J’ai avancé dans Guerre et paix, Pierre a quitté Moscou bruissant de scènes de xénophobies, comme toujours dans les crises. J’ai envie de copier les réflexions de Tolstoï sur les aléas des évènements, le déroulement toujours imprévisible par suite de l’intervention des hasards et des individus dans les plans les mieux préparés. À chaque page, je suis émerveillée par la manière dont il sait mettre en scène un personnage, par rapport au milieu plus ou moins anonyme où il évolue, la Princesse Marie devant les paysans, Pierre sur la route de Borodino avec son chapeau blanc et son habit vert, croisant les armées en mouvement et les chariots pleins de blessés enveloppés de chiffons qui cahotent sur la route ou les processions vers des sanctuaires jugés tout-puissants.
Pendant ce temps, France Musique, que j’avais oublié d’éteindre, diffusait l’ouverture de Tannhaüser. Je ne supporte pas de gâcher la musique « en fond ». J’ai donc éteint dès la dernière mesure. Et j’ai rejoint dans sa propre ambiance sonore le prince André à la veille de la bataille, rongé par ses regrets, exaspéré par l’arrivée de Pierre qu’il considère comme un touriste de guerre.
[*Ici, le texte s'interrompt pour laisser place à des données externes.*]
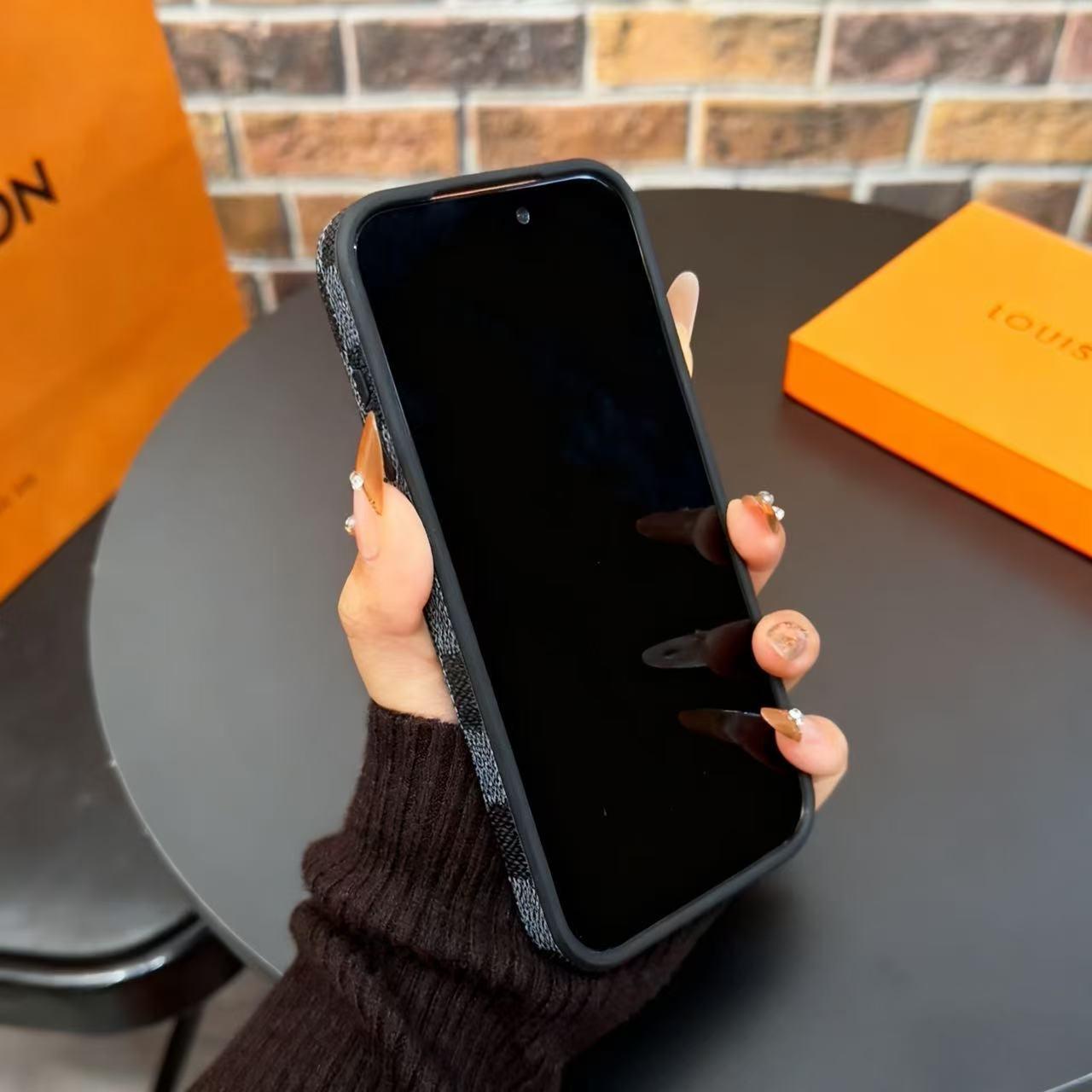 Luxury checkerboard phone case suitable for iPhone 17 Pro Max 16 15 14 13 Pro Max faux leather lens protection, streamlined design, precision molding, durable materials, technology enthusiasts, smartphone users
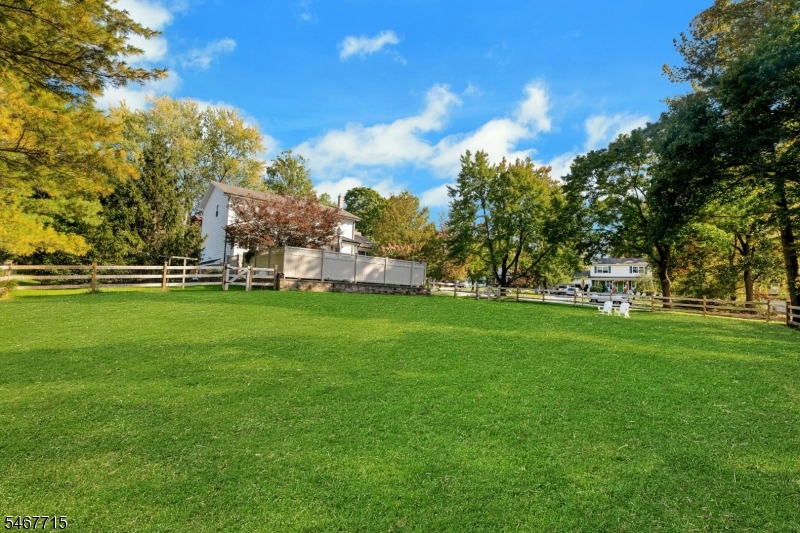 2 Mansfield Ct Property Photo 22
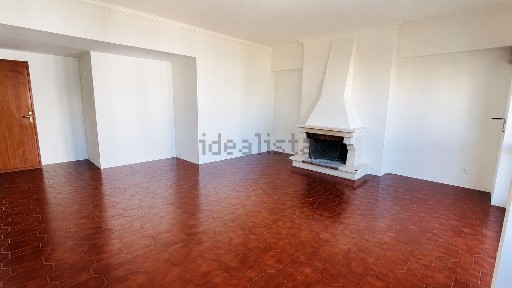 Apartamento T2 à venda na Avenida Doutor Francisco de Sá Carneiro s/n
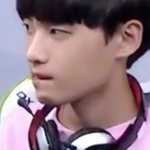 이사람 <b>황민현</b>이랑 김용국 닮지 않음??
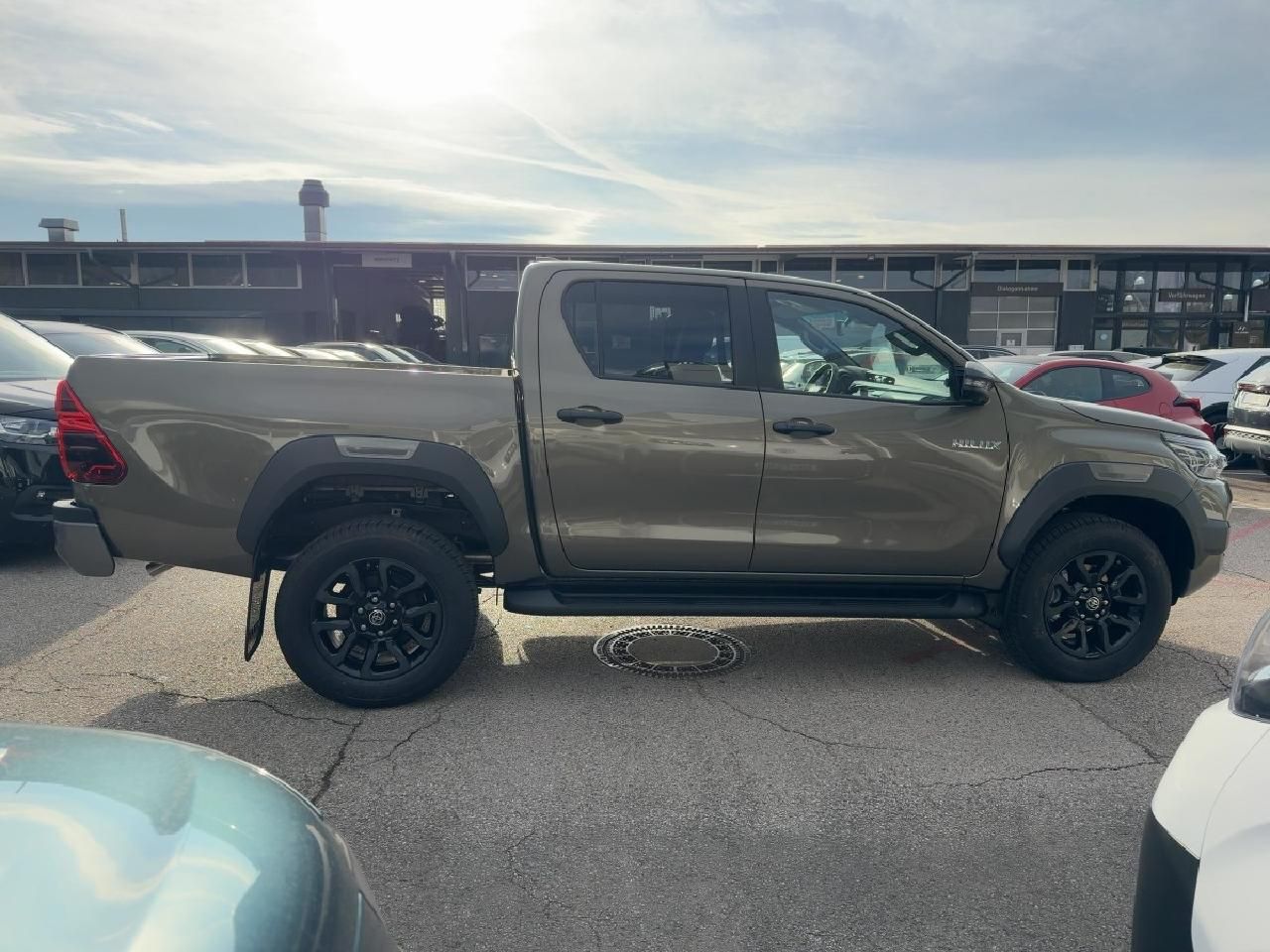 Fahrzeugabbildung Toyota Hilux 2,8 Double Cab Invincible 4x4*JBL+AHK+WKR*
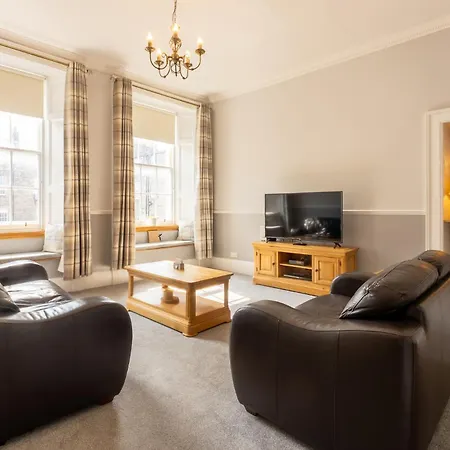 Incredibly Located 3bdr Flat In Edinburgh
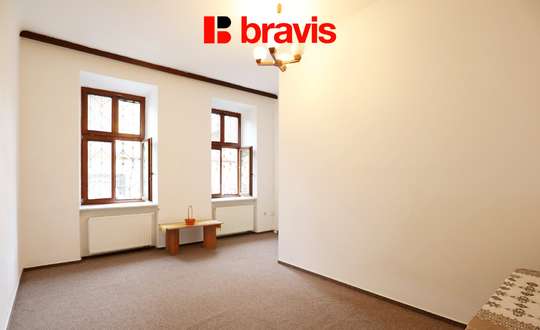 Pronájem prostorného bytu 4+1, 108 m² - Brno Veveří, možné i pro studenty, centrum města, skvělá lokalita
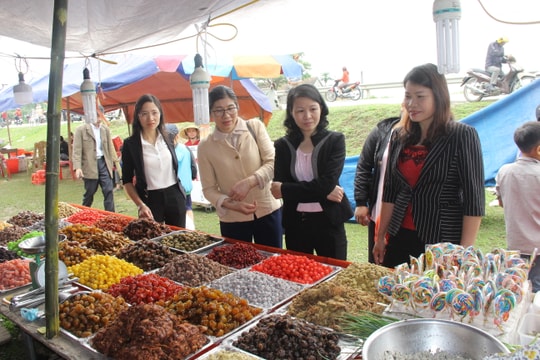 Chưa quan tâm đến quản lý vệ sinh an toàn thực phẩm tại lễ hội đền Bạch Mã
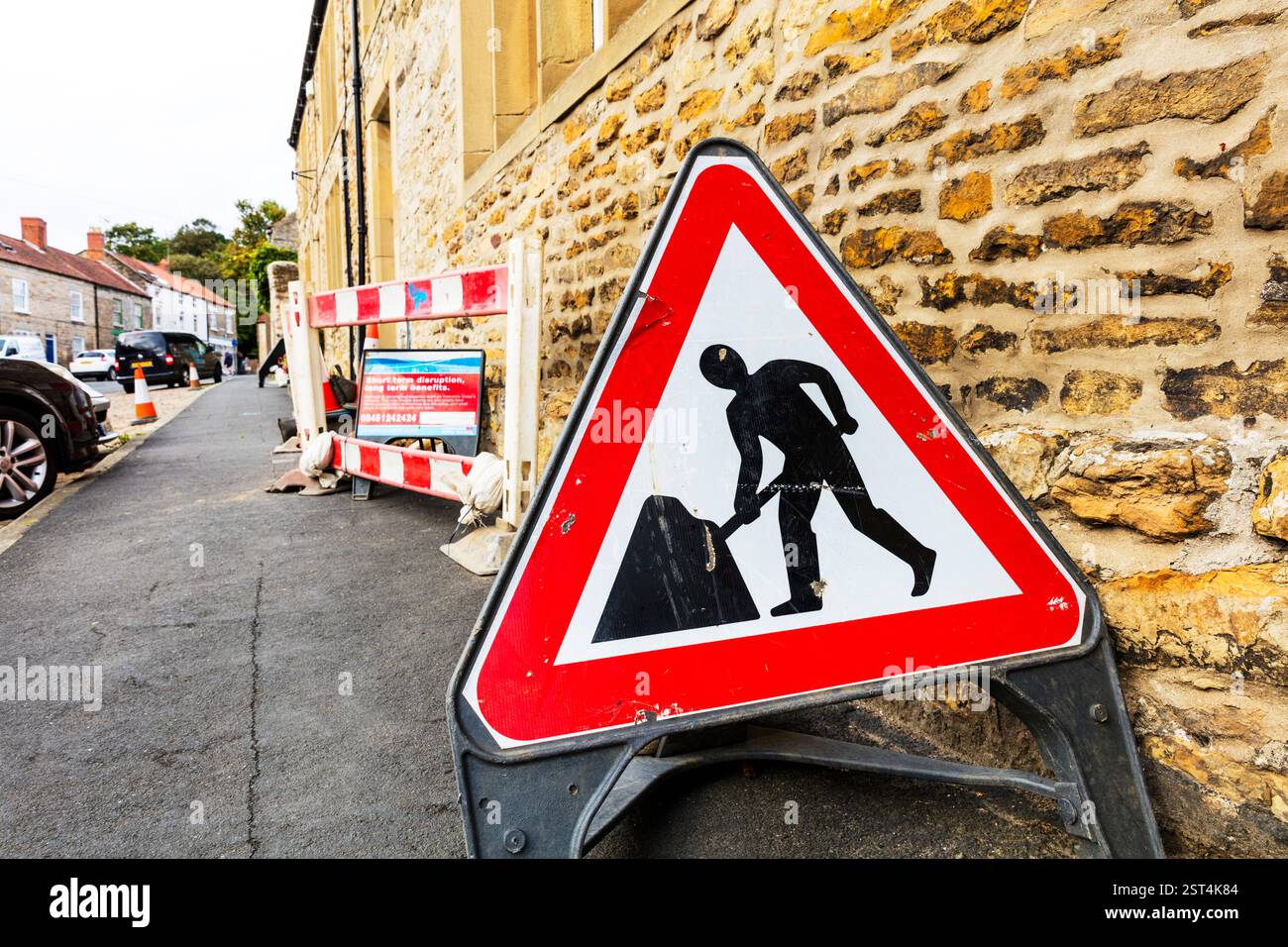 Schild für Männer bei der Arbeit, Verkehrsschild, Verkehrsschilder, Verkehrsschilder für Großbritannien, Verkehrsschilder für Großbritannien, Fahrtest, Verkehrszeichen, Verkehrszeichen, Schilder, Schilder, Beschilderung, Stockfoto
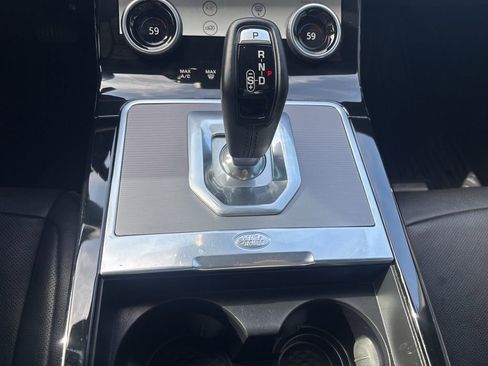 Used 2020 Land Rover Range Rover Evoque SE image 24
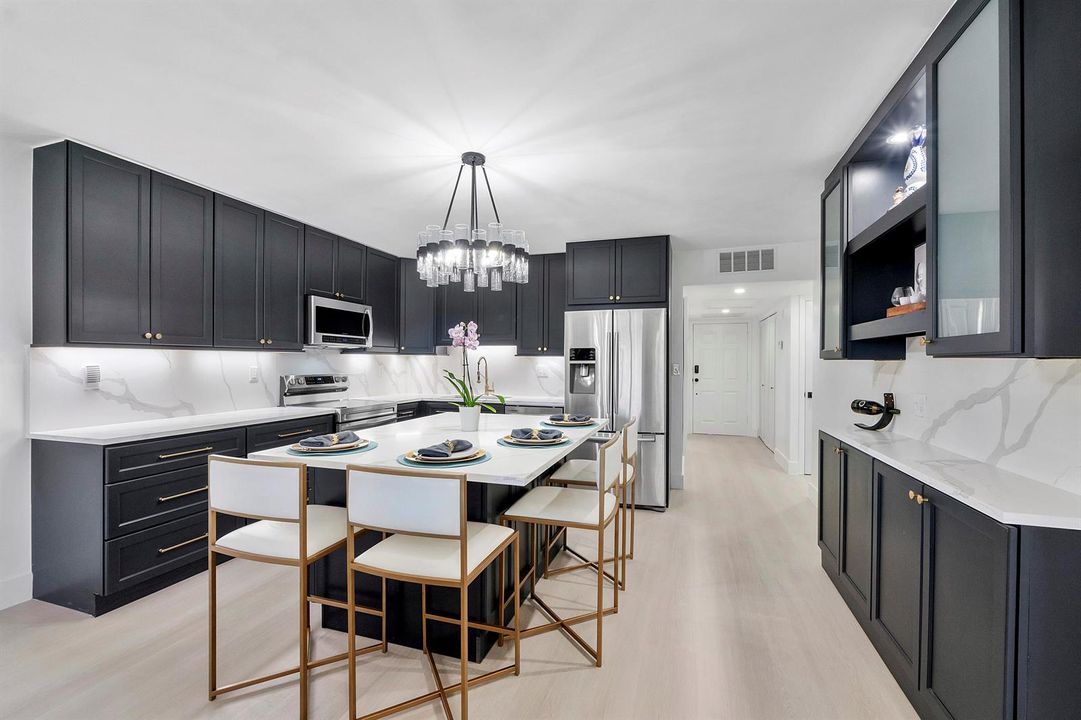 2871 N Ocean Blvd u406_039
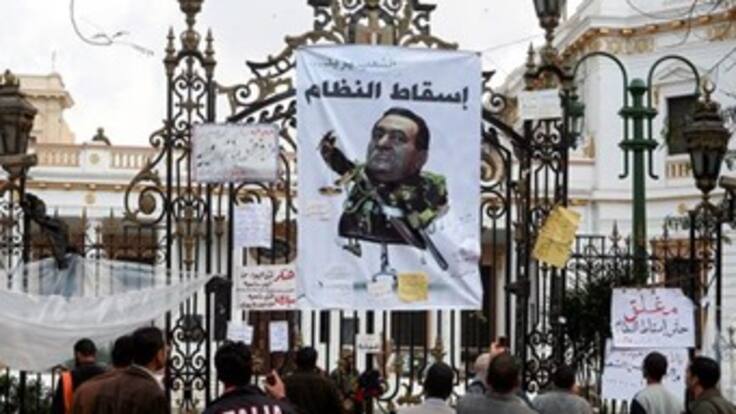 Esta tarde se espera que Hosni Mubarak deje el poder en Egipto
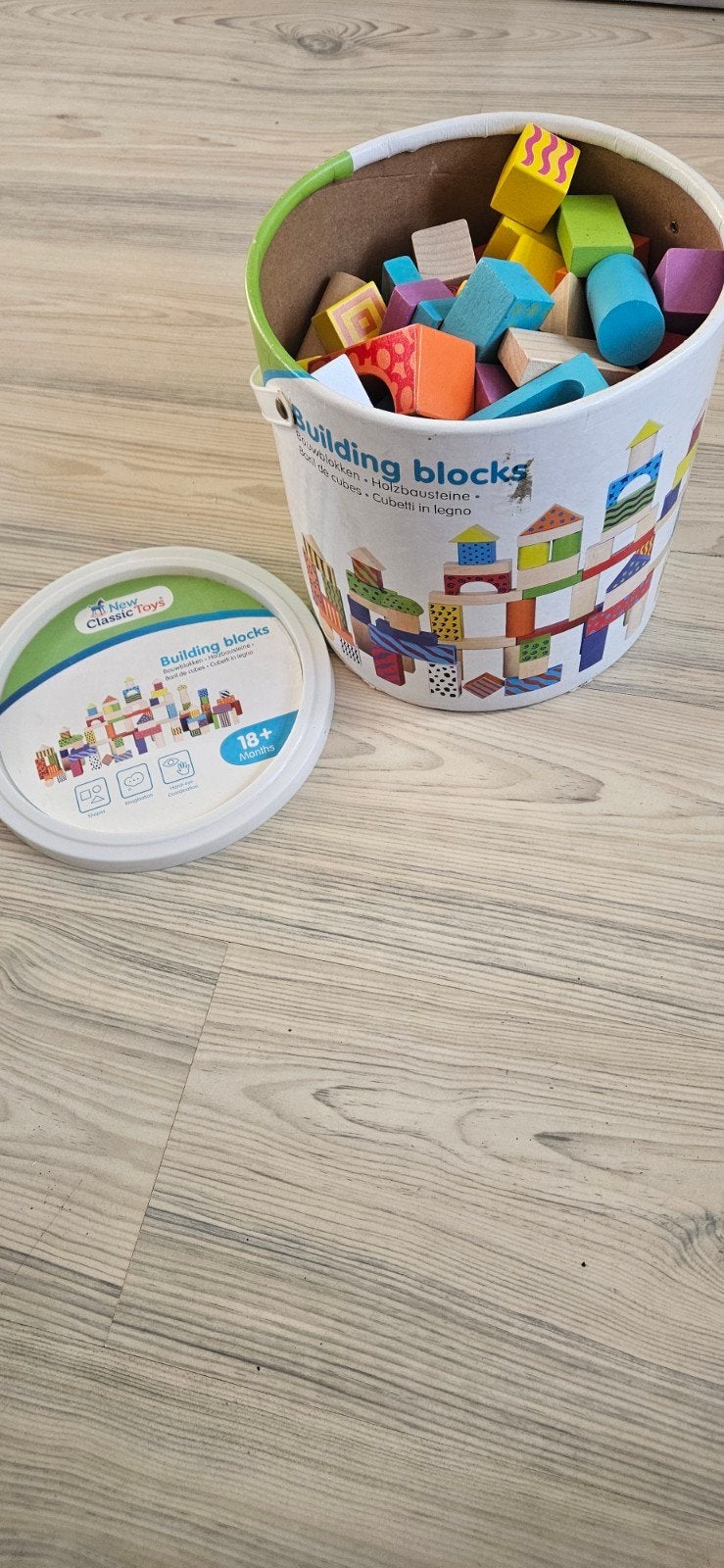 Houten speelblokken New Classic Toys (met extra  blokken), Kinderen en Baby's, Speelgoed | Houten speelgoed, Ophalen, Zo goed als nieuw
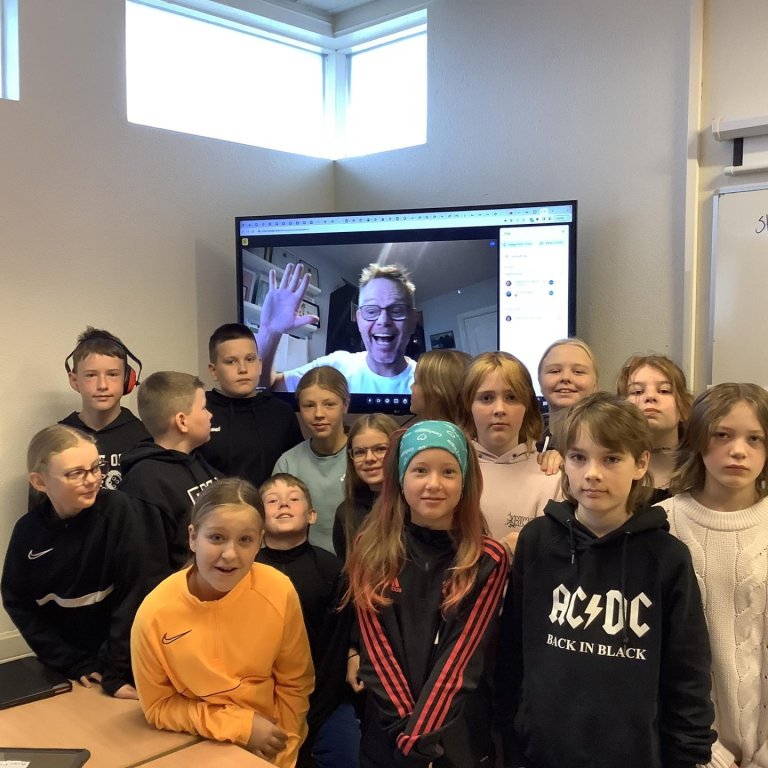 Gunnar Helgason rithöfundur og leikari spjallar við nemendur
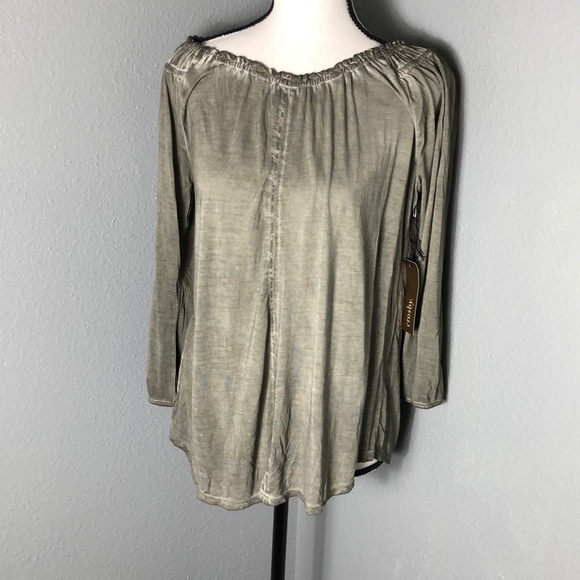 NWT Ruffle Crosby Top - Picture 1 of 6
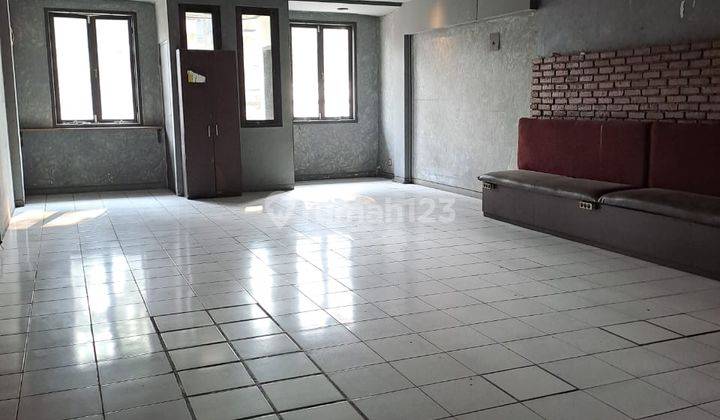 Sewa Ruko 2 Lantai Stategis di Cihampelas Bandung Pusat Kota 1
En face, dans l’autre camp, Napoléon a reçu, la veille de la bataille, envoyé par Marie-Louise, le portrait du Roi de Rome faisant sauter le globe terrestre sur un bilboquet : comment ne pas penser à Charlot dans Le Dictateur, en 1940.
Effet de crise : tout, passé ou présent, lecture ou film, me rappelle l’actualité, ou semble la préfigurer. Les fictions sont de plus en plus bizarres, avec ces gens qui se touchent, s’embrassent, cela paraît déjà loin.
Les journalistes et les intervenants devraient penser au titre de cette chronique, Errare humanum est et paraître moins péremptoires dans leurs jugements et leurs questions.